Mr Rees-Mogg, in his response, said: ‘There was a referendum, he probably forgot in Scotland in 2014, which settled the matter.’

More importantly, the survey found that with 71% of Scots, the country would fare better, not being part of the UK.

Scottish parliamentary elections are held on 6 May and elections put the SNP on track to win a majority of seats. Ms Sturgeon said she would try to hold a “legal” referendum if her party wins a majority.

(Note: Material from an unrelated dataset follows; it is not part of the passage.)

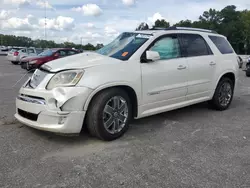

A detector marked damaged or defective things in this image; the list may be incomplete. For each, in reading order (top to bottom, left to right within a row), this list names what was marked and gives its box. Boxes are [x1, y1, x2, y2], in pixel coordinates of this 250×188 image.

exposed headlight housing [47, 70, 85, 90]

Nicola Sturgeon testifies in Holyrode interrogation

(PISCINE / AFP via Getty Image)

Scottish Labor Deputy Chief Jackie Beuley said on Thursday that Ms Sturgeon performed ‘very well’ on the Scottish Government’s committee to investigate the investigation into Mr Salmed – but suggested some details were still lacking.

“It was very clean, as we have come to expect from him,” she said. “But in the torrent of words that have been exchanged for more than eight hours, I am not sure that there are areas where we need the detailed answers that we have actually got.

Committee member Tory MSP Murdo Fraser said: “If the Prime Minister of Scotland has proven to mislead Parliament, I don’t see how the people of Scotland want to trust such a person.”

Ms. Sturgeon is still the subject of a separate investigation, by James Hamilton QC, specifically to find out if she broke the departmental code during the Salmond Saga. It is not known when he will conclude his investigation.